>>>

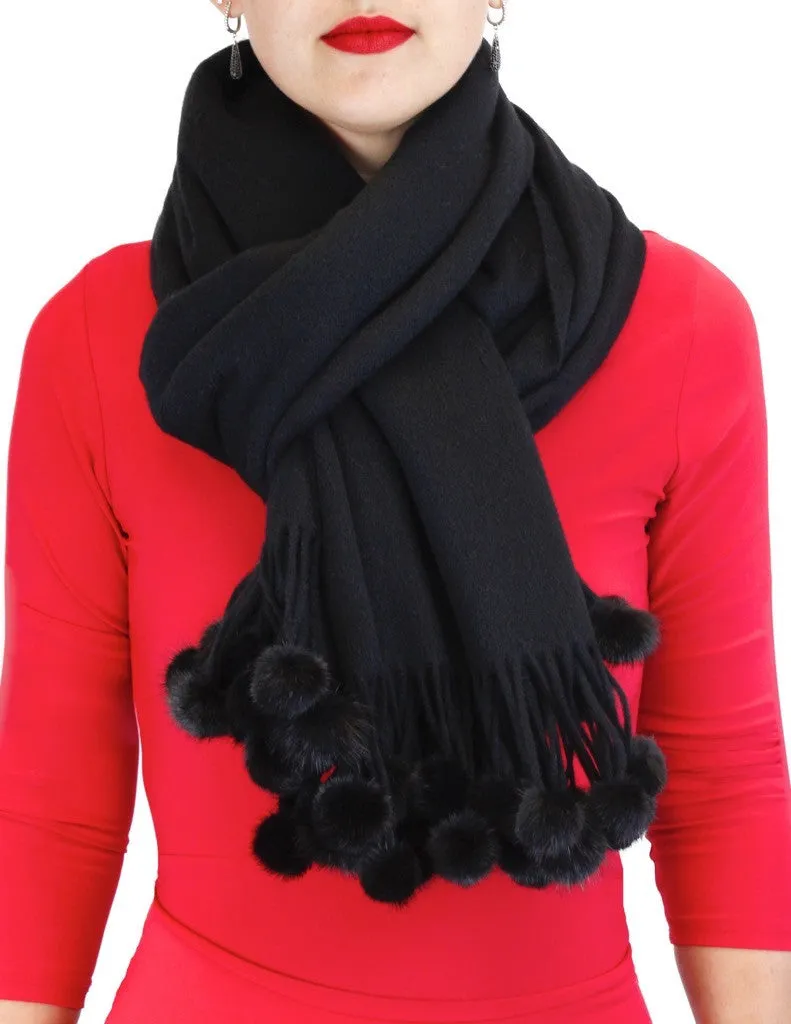 BELLE FARE - 100% PURE CASHMERE & MINK FUR POM-POM SCARF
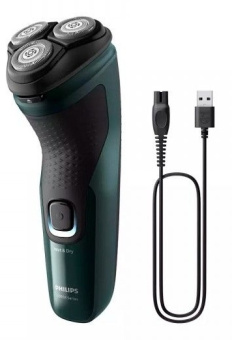 Бритва роторная Philips X3002/00 реж.эл.:3 питан.:аккум. зеленый/черный - купить недорого с доставкой в интернет-магазине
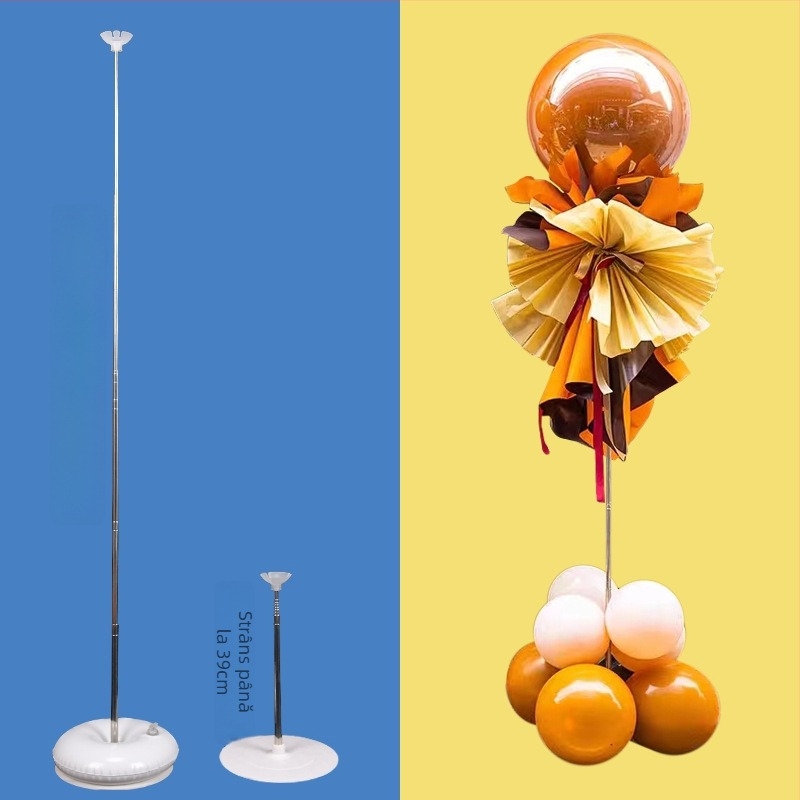 Coloană de baloane cu tijă telescopic din oțel inoxidabil, suport reglabil, suport din plastic pentru bol, bază cu apă pentru utilizare în aer liber la evenimente sportive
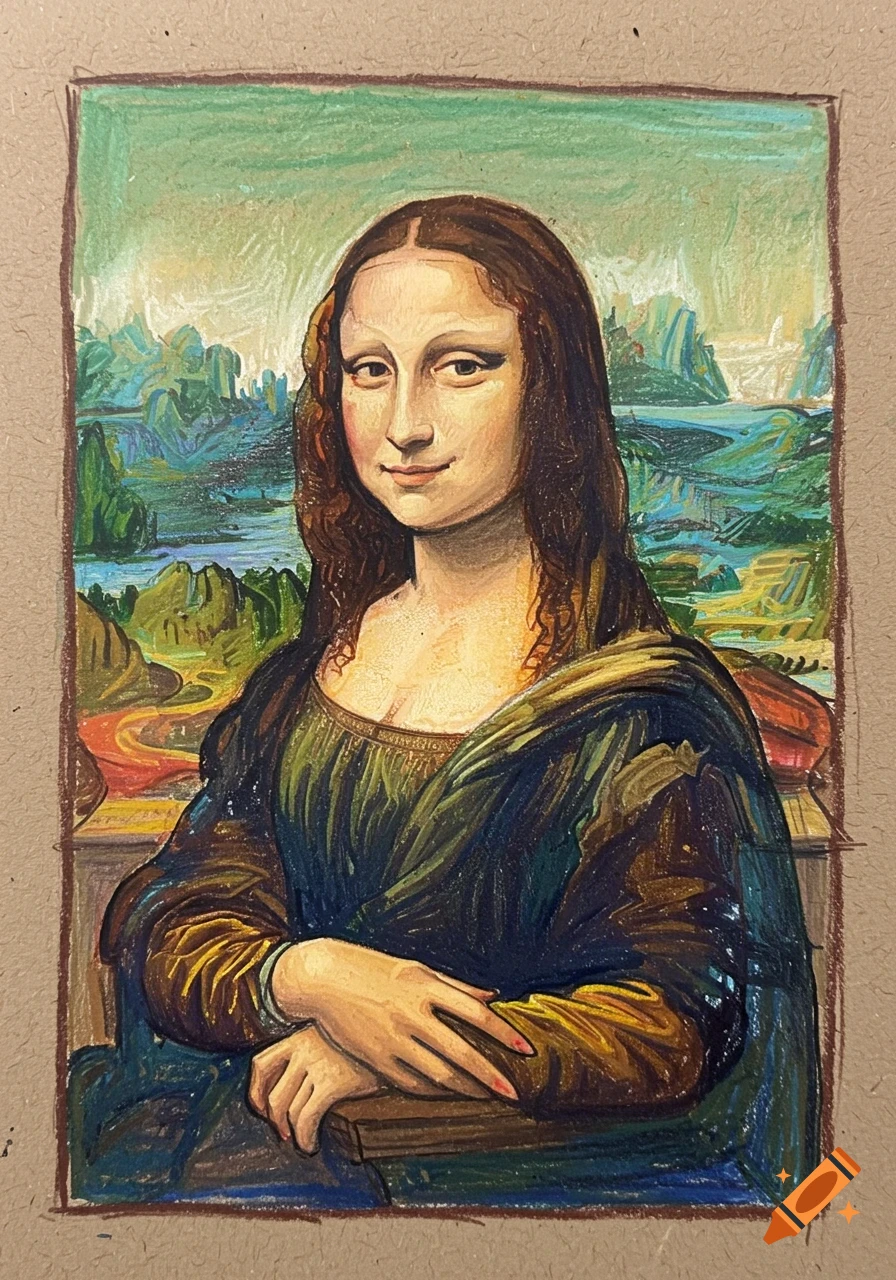 A crayon drawing of the Mona Lisa, depicting a woman with long dark hair, a faint smile, and a mountainous landscape in the background.
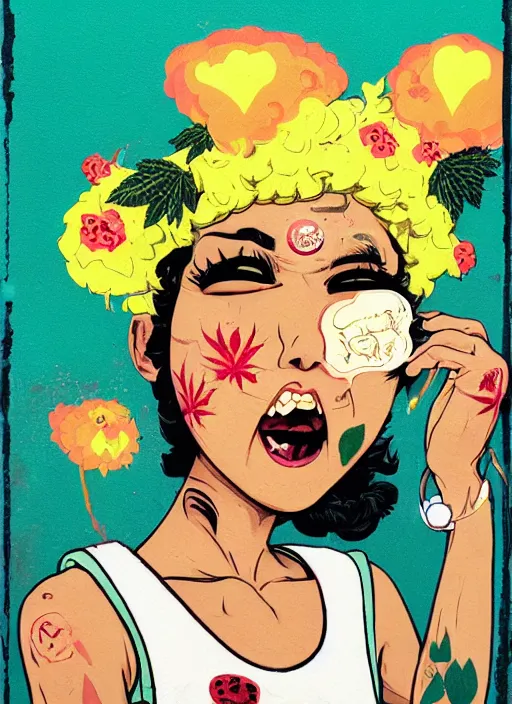 Image similar to bettyboop profile picture by sachin teng x ofwgkta, weed, marijuana, organic painting, hard edges, masterpiece, smoke, asymmetrical, matte paint, energetic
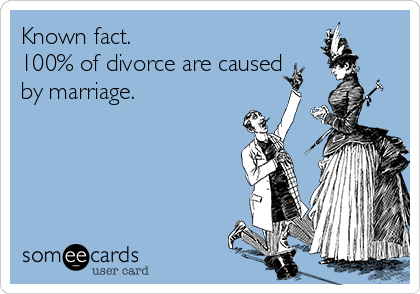 Known fact.
100% of divorce are caused
by marriage.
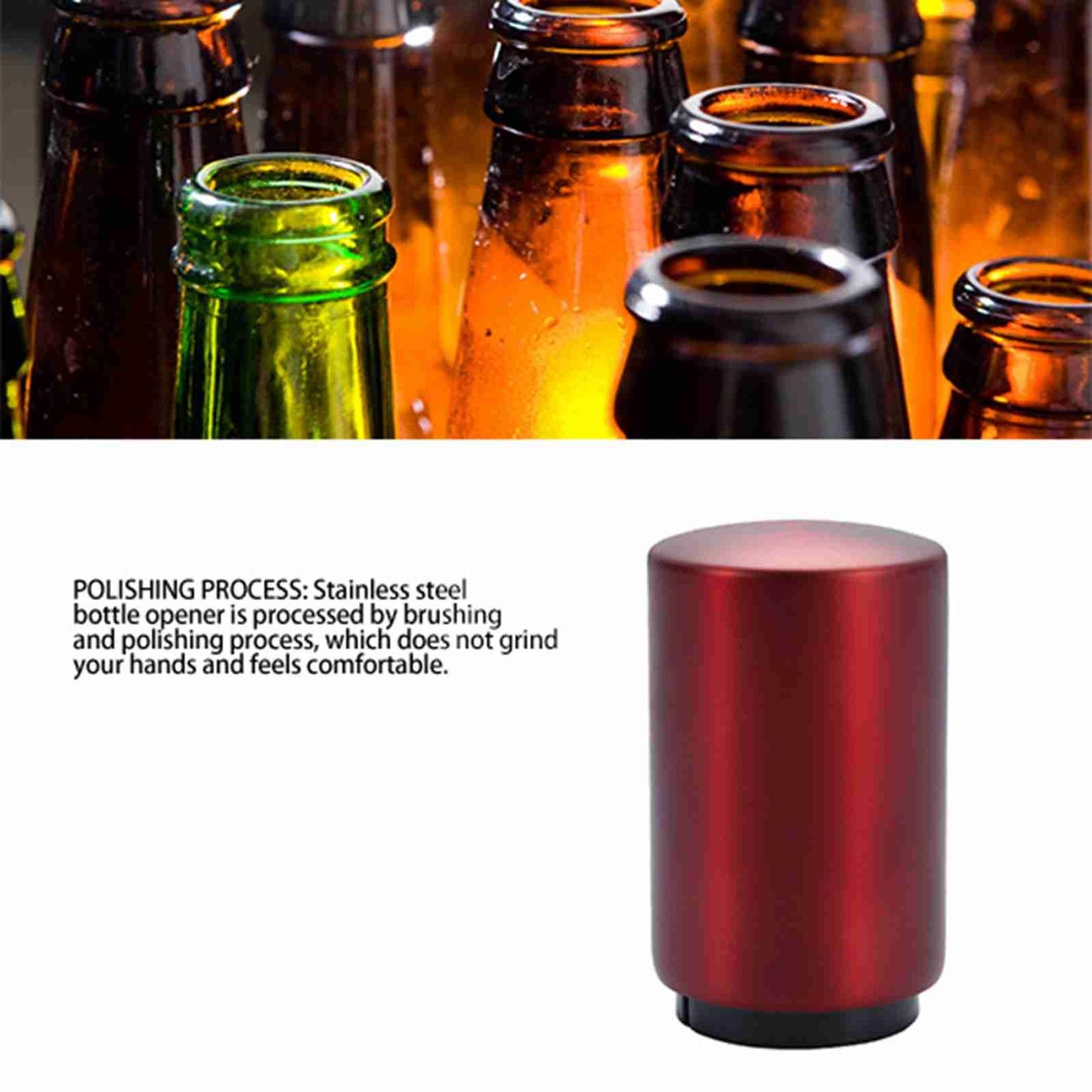 Automatic Bottle Opener Magnetic Stainless Steel Push Down Bottle Lid Opening Tool for Beer Glass Beverage V1294-YM0512-3118220287513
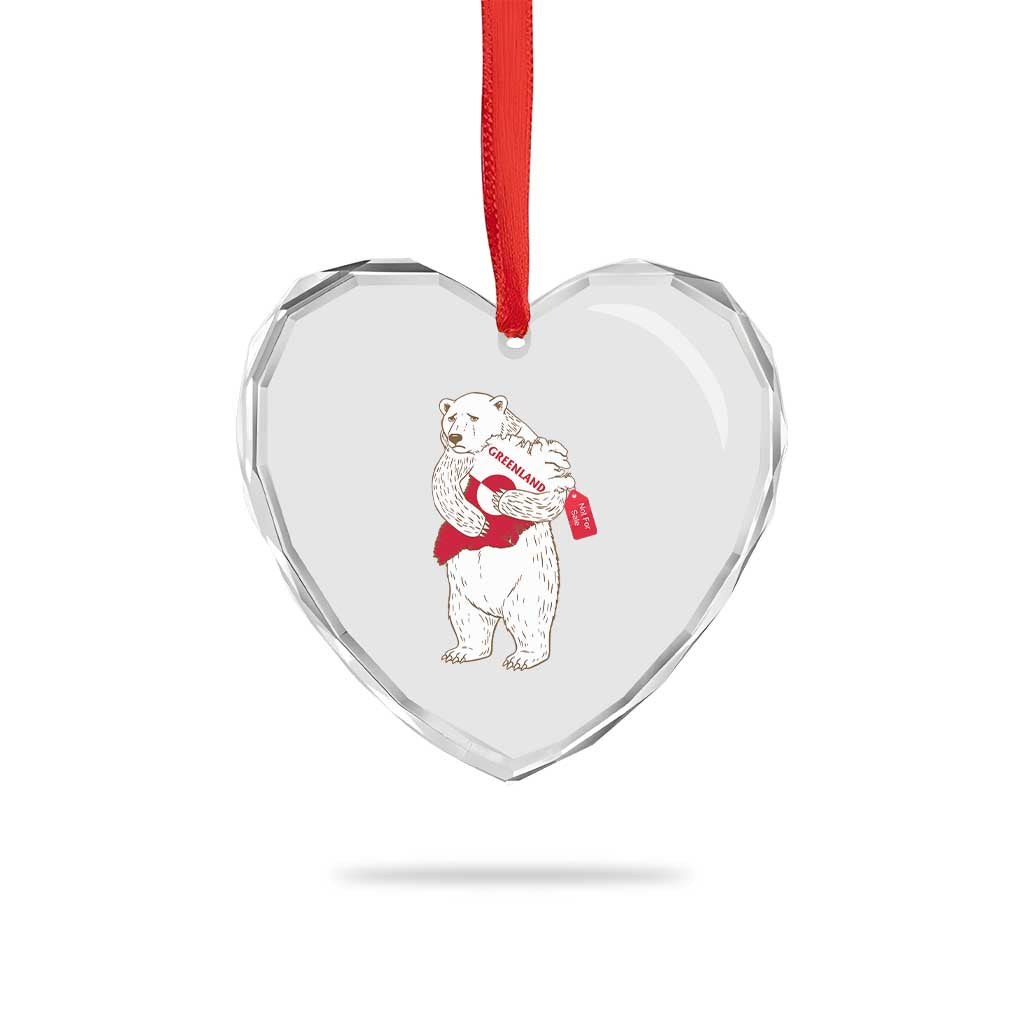 Greenland Is Not For Sale Heart Crystal Glass Ornament Greenland Bear Hug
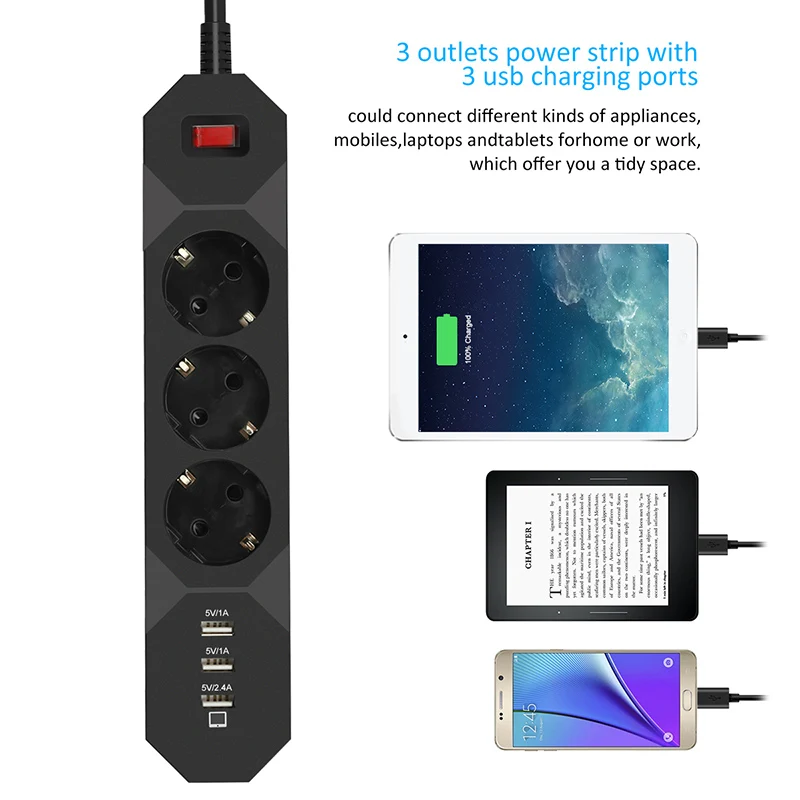 CLAITE Смарт USB Мощность полосы 5V 2.4A 3 Порты зарядка через адаптер переменного тока 250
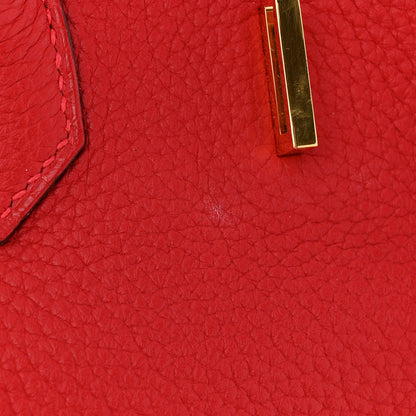 Hermes Taurillon Clemence Birkin 35 Rouge Casaque 12 of 12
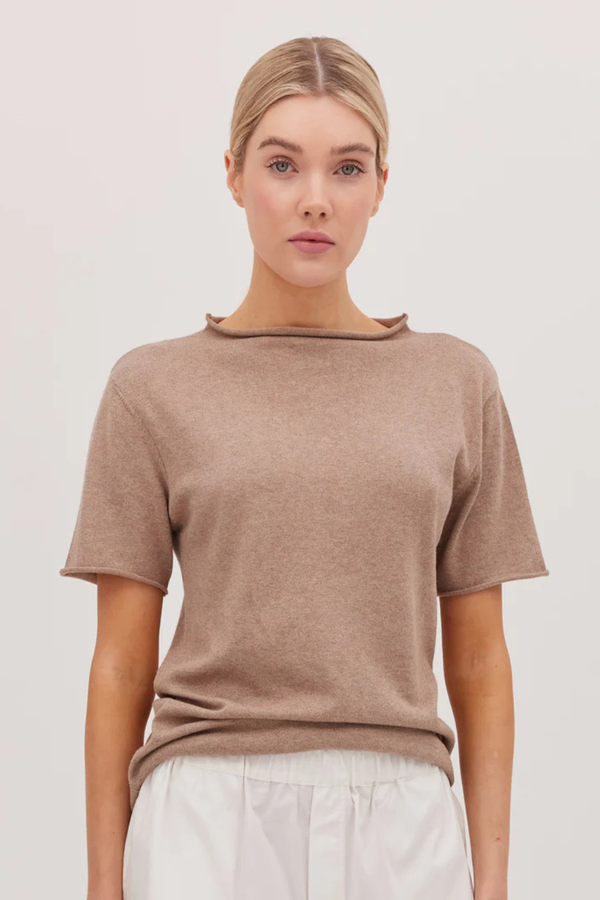 The Funnel Neck Tee Walnut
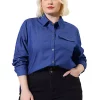 Agnes Orinda Women's Plus Size Denim Blouse, Long Sleeve Chest Pocket Button Down Chambray Shirt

<<<

=== EXERCISE GOAL ===
Output the full material above exactly, leaving every picture out.

=== EXERCISE ANSWER ===
 BELLE FARE - 100% PURE CASHMERE & MINK FUR POM-POM SCARF
 Бритва роторная Philips X3002/00 реж.эл.:3 питан.:аккум. зеленый/черный - купить недорого с доставкой в интернет-магазине
 Coloană de baloane cu tijă telescopic din oțel inoxidabil, suport reglabil, suport din plastic pentru bol, bază cu apă pentru utilizare în aer liber la evenimente sportive
 A crayon drawing of the Mona Lisa, depicting a woman with long dark hair, a faint smile, and a mountainous landscape in the background.
 Image similar to bettyboop profile picture by sachin teng x ofwgkta, weed, marijuana, organic painting, hard edges, masterpiece, smoke, asymmetrical, matte paint, energetic
 Known fact.
100% of divorce are caused
by marriage.
 Automatic Bottle Opener Magnetic Stainless Steel Push Down Bottle Lid Opening Tool for Beer Glass Beverage V1294-YM0512-3118220287513
 Greenland Is Not For Sale Heart Crystal Glass Ornament Greenland Bear Hug
 CLAITE Смарт USB Мощность полосы 5V 2.4A 3 Порты зарядка через адаптер переменного тока 250
 Hermes Taurillon Clemence Birkin 35 Rouge Casaque 12 of 12
 The Funnel Neck Tee Walnut
 Agnes Orinda Women's Plus Size Denim Blouse, Long Sleeve Chest Pocket Button Down Chambray Shirt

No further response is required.